HDU 4612 Warm up（边双连通分量）

题意：n个顶点，m条边（有重边），问增加一条边，使原来桥边减少最多

思路：求出图中的边双连通分量，缩点建新图，然后求出这颗树的直径，新加的边应该在直径的两边，这样才能使原图中桥最小。因为重边的原因，在dfs的时候，对于从u到v，在v也一定会有一条路径到u，加一个变量标记一下就可以了。 求树的直径的做法：随便找一个点找与它距离最远的点，然后从这个点出发再做一次，就是树的直径了

#include<cstdio>
#include<cstring>
#include<queue>
#include<vector>
#include<stack>
using namespace std;
const int maxn=200010+10;
const int INF = 100000000;
int ans;
int n,m;
int dfs_clock;//时钟，每访问一个节点增1
vector<int> G[maxn];//G[i]表示i节点邻接的所有节点
int pre[maxn];//pre[i]表示i节点被第一次访问到的时间戳,若pre[i]==0表示i还未被访问
int low[maxn];//low[i]表示i节点及其后代能通过反向边连回的最早的祖先的pre值
vector<int>NewG[maxn];
bool vis[maxn];
int dis[maxn];
int sccno[maxn];
int scc_cnt;
stack <int>S;
int p;
int bridge;
//求出以u为根节点(u在DFS树中的父节点是fa)的树的所有割顶和桥
//初始调用为dfs(root,-1);
void dfs(int u,int fa)
{
int flag = 0;
pre[u]=low[u]=++dfs_clock;
S.push(u);
for (int i = 0;i<G[u].size();i++)
{
int v = G[u][i];
if (v==fa && !flag)
{
flag++;
continue;
}
if (!pre[v])
{
dfs(v,u);
low[u]=min(low[u],low[v]);
if (low[v]>pre[u])
bridge++;
}
else
low[u]=min(low[u],pre[v]);
}
if (low[u]==pre[u])
{
scc_cnt++;
for (;;)
{
int x = S.top();
S.pop();
sccno[x]=scc_cnt;

if (x==u)
break;
}
}
}
void bfs(int s)
{
memset(vis,0,sizeof(vis));
memset(dis,0,sizeof(dis));
queue<int>q;
q.push(s);
vis[s]=1;
while (!q.empty())
{
int u = q.front();
q.pop();
for (int i = 0;i<NewG[u].size();i++)
{
int v = NewG[u][i];
if (vis[v])
continue;
vis[v]=1;
dis[v]=dis[u]+1;
if (ans < dis[v])
{
p=v;
ans = dis[v];
}
q.push(v);
}
}
}
void find_scc()
{
dfs_clock=scc_cnt=bridge=0;
memset(sccno,0,sizeof(sccno));
memset(pre,0,sizeof(pre));
for (int i = 1;i<=n;i++)
if (!pre[i])
dfs(i,-1);
}
int main()
{
while(scanf("%d%d",&n,&m)==2&&n)
{
for(int i=0;i<=n;i++) G[i].clear(),NewG[i].clear();
for(int i=0;i<m;i++)
{
int u,v,w;
scanf("%d%d",&u,&v);
G[u].push_back(v);
G[v].push_back(u);
}
find_scc();
for (int u=1;u<=n;u++)
{
for (int i = 0;i<G[u].size();i++)
{
int v = G[u][i];
if (sccno[u]!=sccno[v])
{
NewG[sccno[u]].push_back(sccno[v]);
NewG[sccno[v]].push_back(sccno[u]);
}
}
}
ans=0;
bfs(1);
bfs(p);
printf("%d\n",bridge-ans);
}
return 0;
}

Description

　　N planets are connected by M bidirectional channels that allow instant transportation.

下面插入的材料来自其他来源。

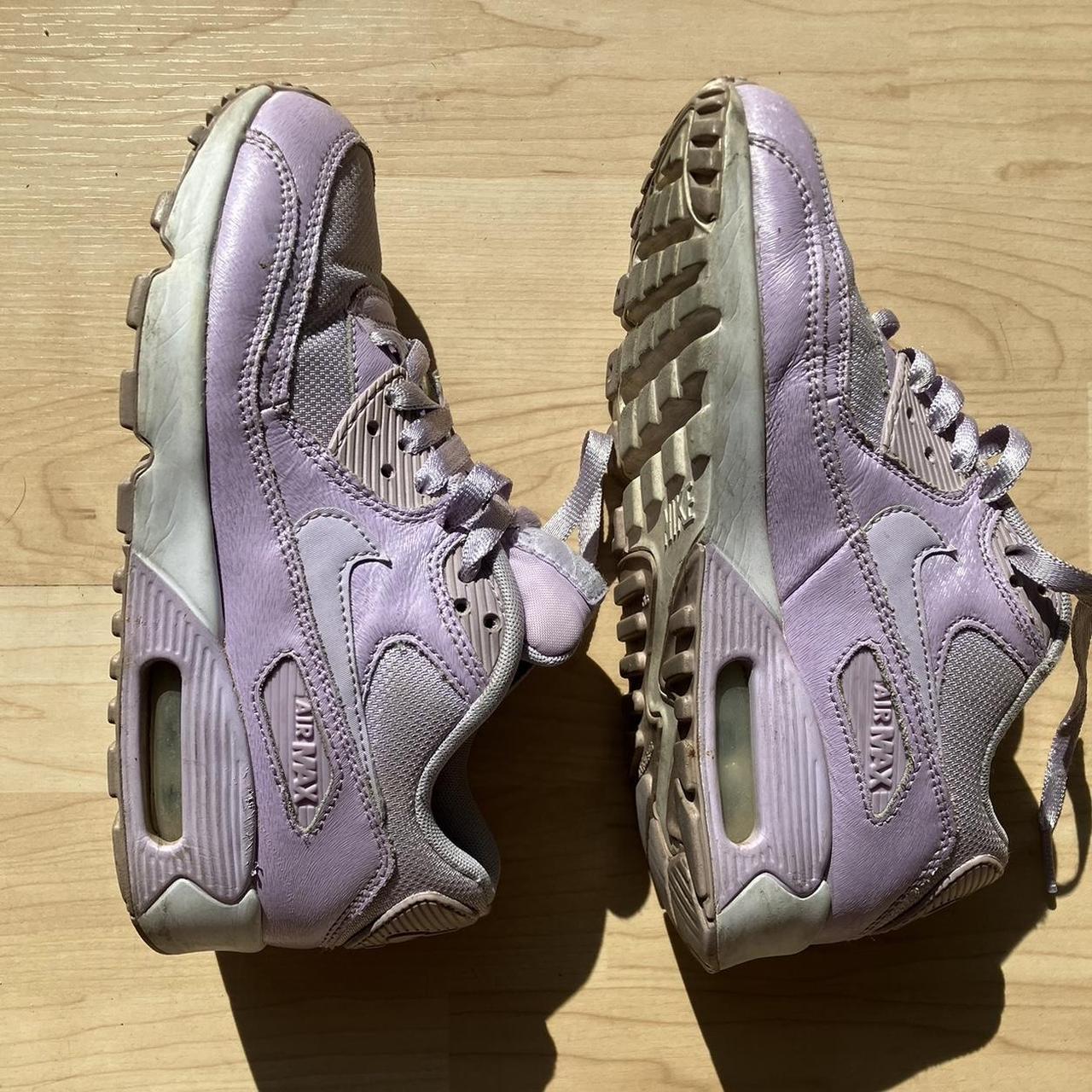 lilac lavender purple nike air max sneakers these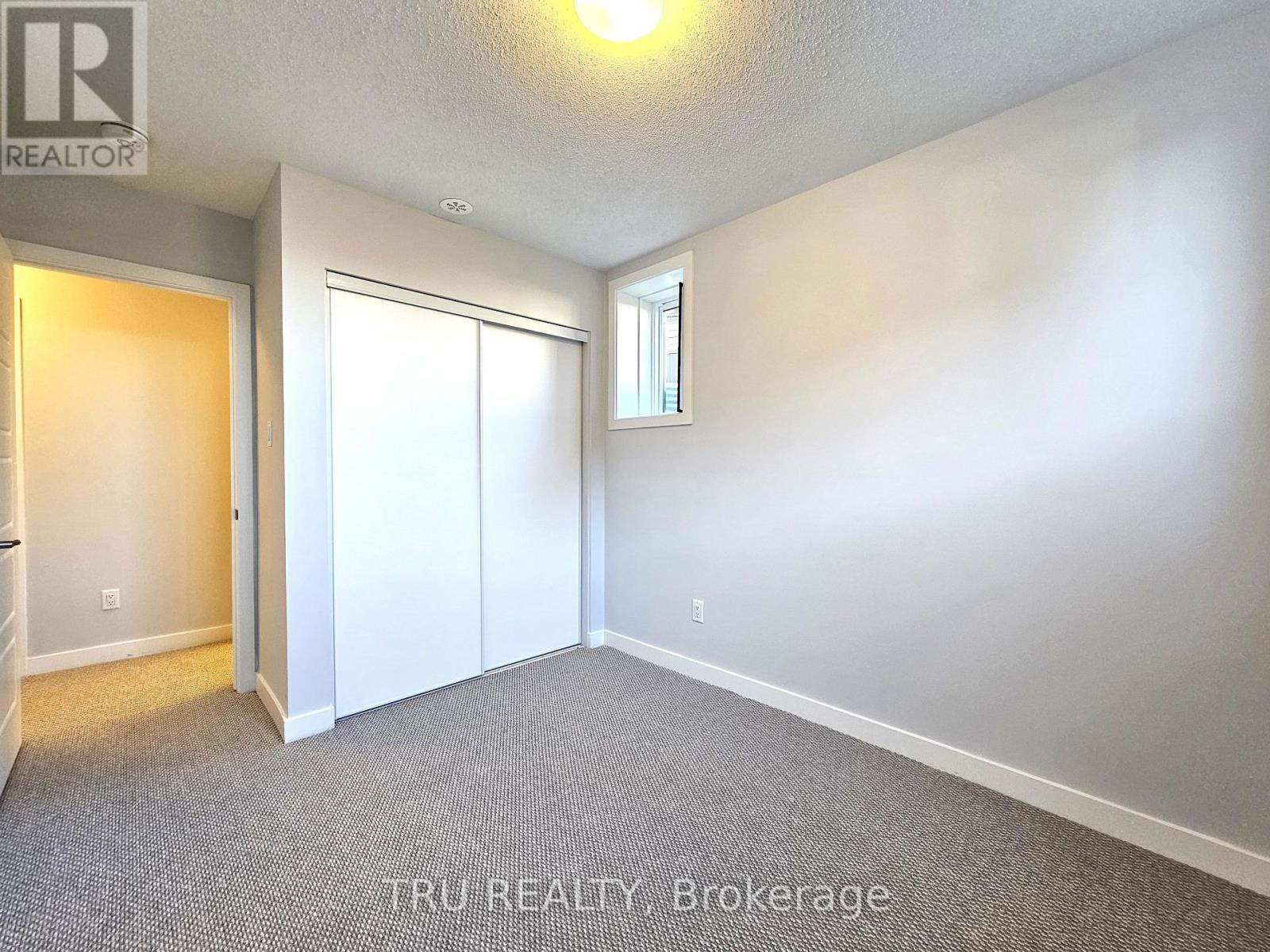 630 Mishi Private, Ottawa, Ontario  K1K 5C5 - Photo 14 - X12535146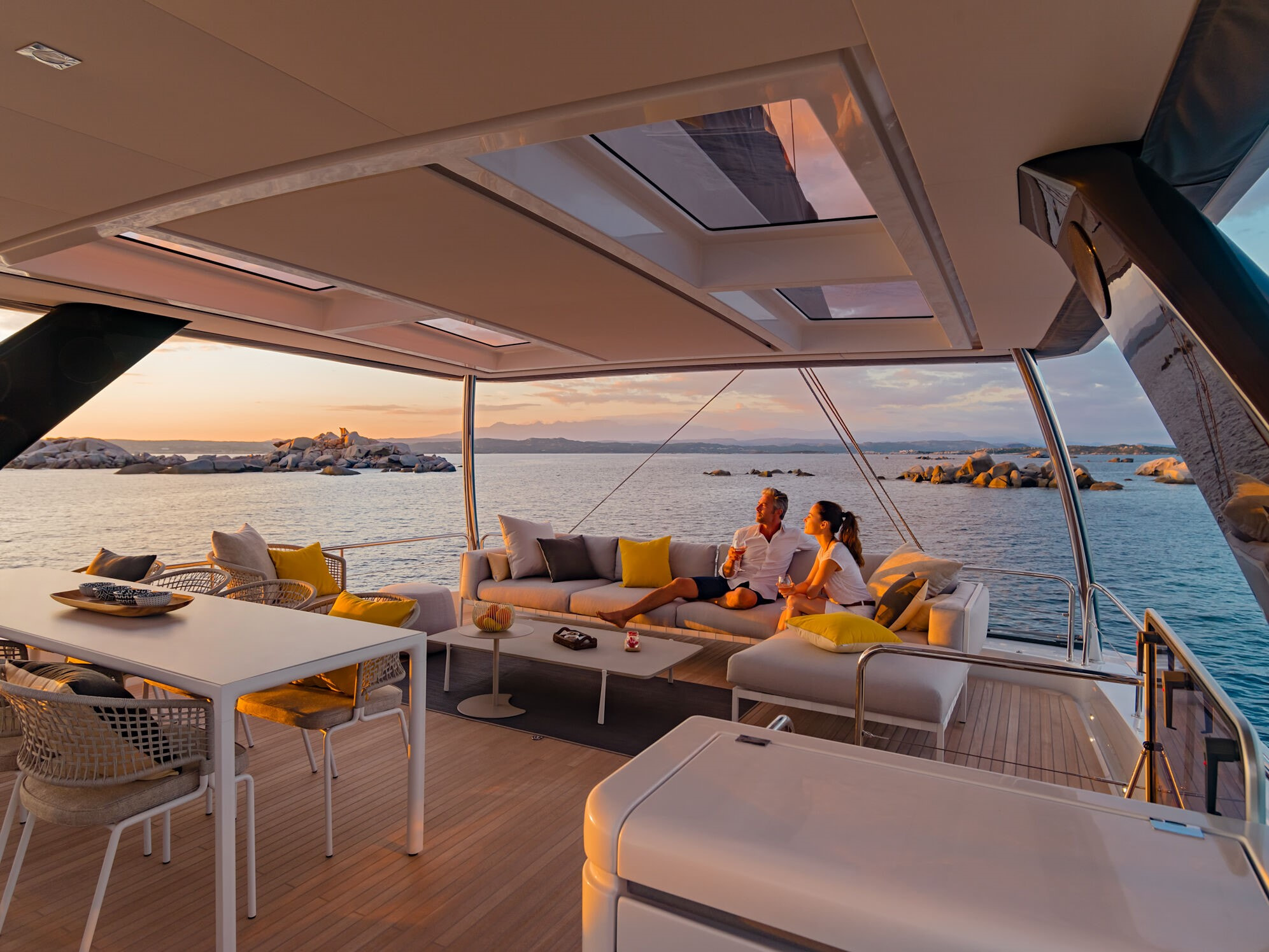 203 sun deck.jpg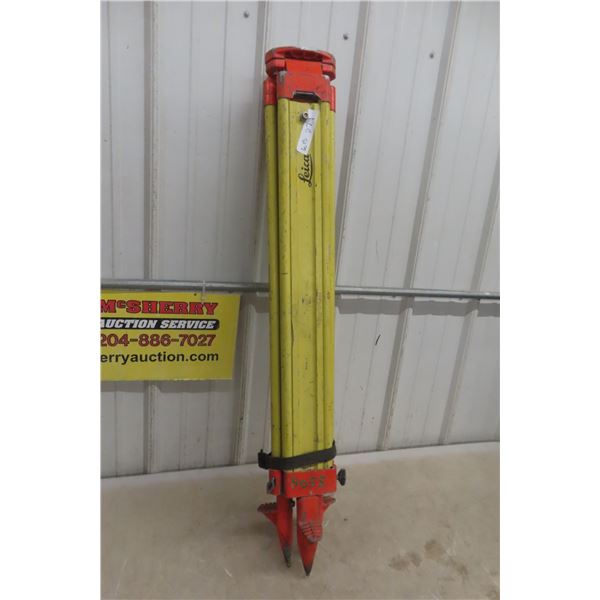 Leica Steel Engineering Tripod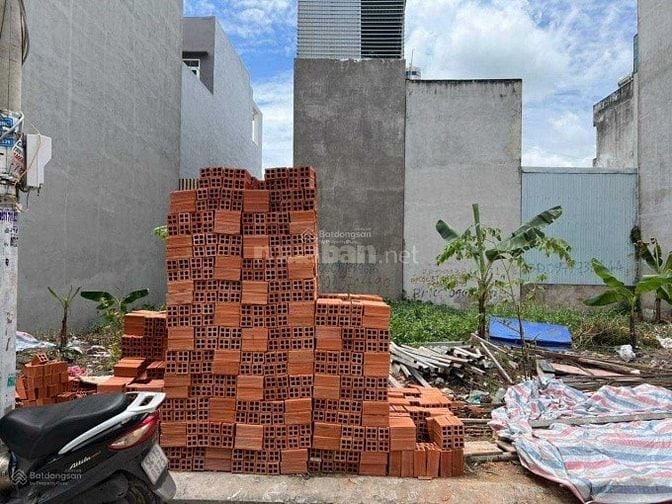 Thanh lý 15 nền đất sau chợ đầu mối Thủ Đức. DT 57m2 - Giá 2.5 tỷ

It's always possible to travel between any two planets through these channels.

　　If we can isolate some planets from others by breaking only one channel , the channel is called a bridge of the transportation system.

People don't like to be isolated. So they ask what's the minimal number of bridges they can have if they decide to build a new channel.

　　Note that there could be more than one channel between two planets.

Input

　　The input contains multiple cases.

　　Each case starts with two positive integers N and M , indicating the number of planets and the number of channels.

　　(2<=N<=200000, 1<=M<=1000000)

　　Next M lines each contains two positive integers A and B, indicating a channel between planet A and B in the system. Planets are numbered by 1..N.

　　A line with two integers '0' terminates the input.

Output

　　For each case, output the minimal number of bridges after building a new channel in a line.

Sample Input

4 4
1 2
1 3
1 4
2 3
00

Sample Output

0